Otogenic lateral sinus thrombosis in children: a review of 7 cases.
Otogenic lateral sinus thrombosis (LST) is a rare but serious intracranial complication of acute or chronic otitis media. Reported mortality rates have ranged from 8 to 25%; the pediatric mortality rate might be as low as 5%. Controversy still exists over the medical and surgical management of this condition. We conducted a retrospective chart review of 7 cases of pediatric otogenic LST that were treated at our institution over a period of 8 years. We hypothesized that good outcomes in very sick patients can beachievedby aggressively managing the mastoid cavity and without the need for a thrombectomy. Our study group was made up of 4 boys and 3 girls, aged 6 to 15 years (mean: 11.1). All patients received intravenous antibiotics and underwent mastoidectomy with unroofing of the sigmoid sinus and placement of a tympanostomy tube. Sinus exploration with thrombectomy was not performed in any patient. Anticoagulation was used perioperatively in 5 patients (71%) without complication. All patients recovered well without major sequelae, which supports our hypothesis. We also describe the case of a patient with multiple concomitant intracranial comorbidities associated with this rare condition.
Otogenic lateral sinus thrombosis (LST) is a rare and serious intracranial complication of acute or chronic otitis media. Reported mortality rates in most larger case series have ranged from 8 to 25%,14 but the pediatric mortality rate may be as low as 5%. (5)
Controversy still exists over the medical and surgical management of this condition.
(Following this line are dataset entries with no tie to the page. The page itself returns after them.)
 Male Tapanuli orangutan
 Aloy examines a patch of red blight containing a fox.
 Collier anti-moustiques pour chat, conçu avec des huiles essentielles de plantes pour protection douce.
Management has traditionally included intravenous antibiotic therapy and mastoidectomy with thrombus removal. (6-10) Anticoagulation is used perioperatively in some cases, and its use continues to be an area of debate. Internal jugular vein ligation, historically a common part of surgical intervention, is no longer routinely employed. (11-13)
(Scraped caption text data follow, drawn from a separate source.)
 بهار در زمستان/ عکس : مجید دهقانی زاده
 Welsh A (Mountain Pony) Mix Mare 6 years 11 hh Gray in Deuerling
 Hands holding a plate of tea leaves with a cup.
In this article, we present our small, descriptive case series of children with otogenic LST. We hypothesized that good outcomes in very sick patients can be achieved by aggressively managing the mastoid cavity and not performing thrombectomy. We also describe a case that involved multiple concomitant intracranial comorbidities associated with this rare condition.
Patients and methods
We conducted a retrospective chart review of all cases of pediatric otogenic LST that had been treated at our institution over a period of 8 years. We compiled information on presentation, coexisting intracranial complications, treatment, cultured organisms, and outcomes.
Our study group was made up of 4 boys and 3 girls, aged 6 to 15 years (mean: 11.1) (table 1). The most common presenting signs and symptoms were fever in 5 patients, otalgia in 5, and mastoid tenderness, nuchal rigidity, and otorrhea in 3 (table 2). Coexisting intracranial complications were present in 4 patients (57%), the most common of which were epidural abscess in 2 patients and otitic hydrocephalus in 2 (table 3).
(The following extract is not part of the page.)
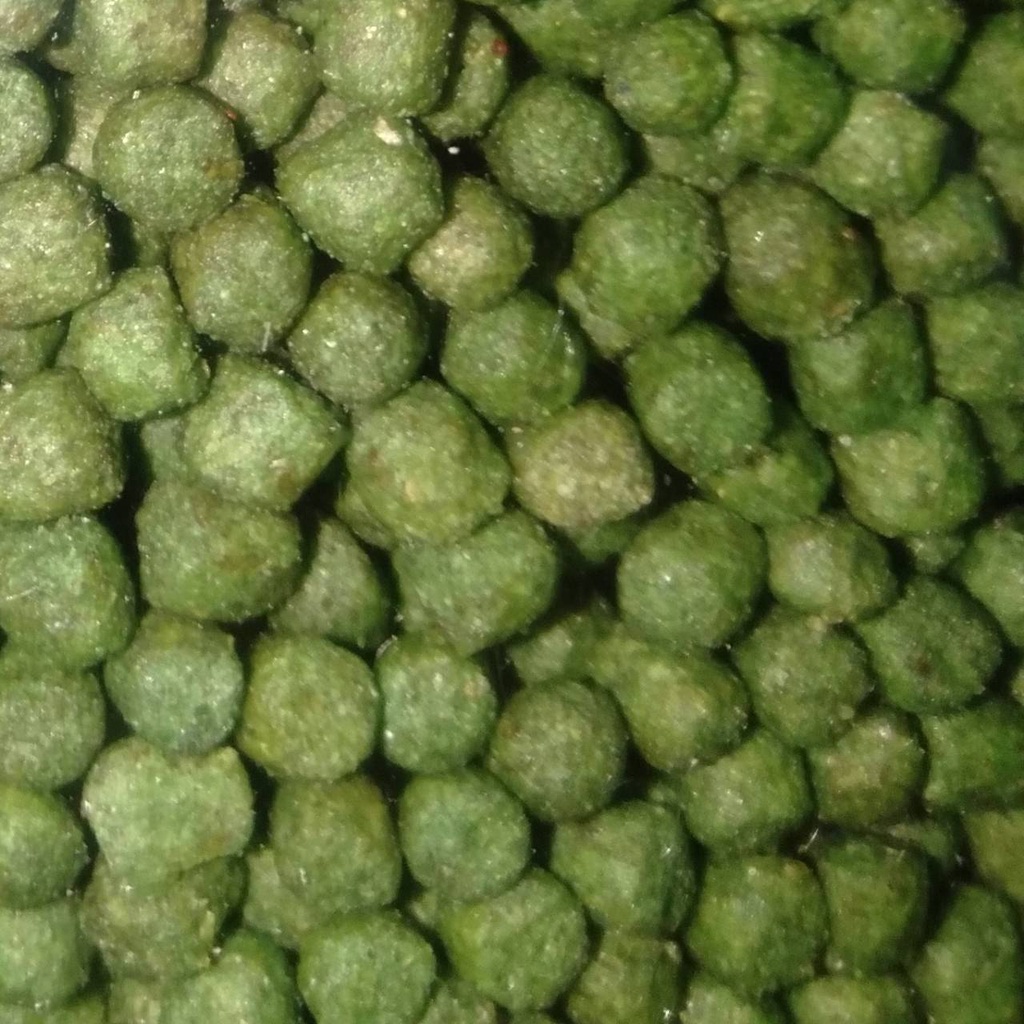 AKARI SPIRULINA 2MM 1250 GR PELET KOI AKARI SUPER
All patients had been treated with intravenous antibiotics, and all had undergone mastoidectomy with unroofing of the sigmoid sinus and placement of a tympanostomy tube. Sinus exploration with thrombectomy was not performed in any patient. Anticoagulation was used perioperatively in 5 patients (71%) without complication. The most common organisms isolated were Streptococcus spp (table 1).
Institutional review board approval was obtained for the study protocol.
After treatment, all patients recovered well, and none experienced a major sequela. One patient with cavernous sinus thrombosis and otitic hydrocephalus experienced a persistent right visual-field deficit.
A10-year old girl (patient 6) presented to the emergency room with a history of blurred vision and ataxia. On physical examination, she was noted to have papilledema and right-sided otorrhea. Computed tomography (CT) demonstrated mastoid cavity and ethmoid sinus opacification on the right. A triangle of contrast-enhanced dura was seen at the level of the sigmoid sinus, which represents the so-called delta sign (figure 1). Magnetic resonance venography (MRV) demonstrated right sigmoid and transverse sinus thrombosis, right proximal internal jugular vein thrombosis, and bilateral cavernous sinus thrombosis (figure 2).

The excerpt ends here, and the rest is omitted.